— EXERCISE DATA —
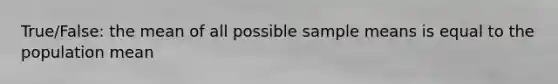 True/False: the mean of all possible sample means is equal to the population mean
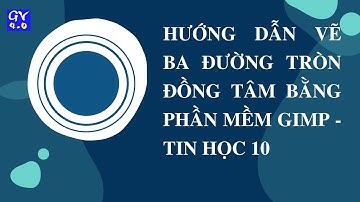 Hướng dẫn  vẽ ba đường tròn đồng tâm bằng phần mềm GIMP - Tin học 10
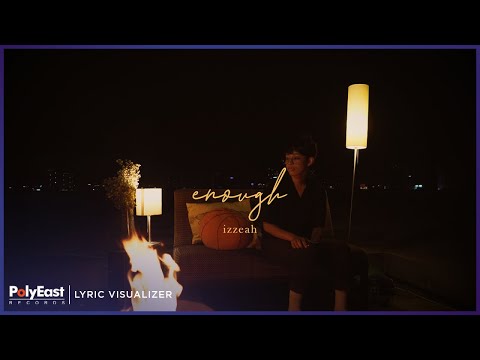 Izzeah - Enough (Official Lyric Visualizer)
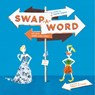 Swap-A-Word! Fun with Sound-Alike Words - Marvin Terban - 9781478887836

— WORK TASK —
Set down each line of the material exactly and skip every image.

— ANSWER SPACE —
 True/False: the mean of all possible sample means is equal to the population mean
 Hướng dẫn  vẽ ba đường tròn đồng tâm bằng phần mềm GIMP - Tin học 10
 Izzeah - Enough (Official Lyric Visualizer)
 Swap-A-Word! Fun with Sound-Alike Words - Marvin Terban - 9781478887836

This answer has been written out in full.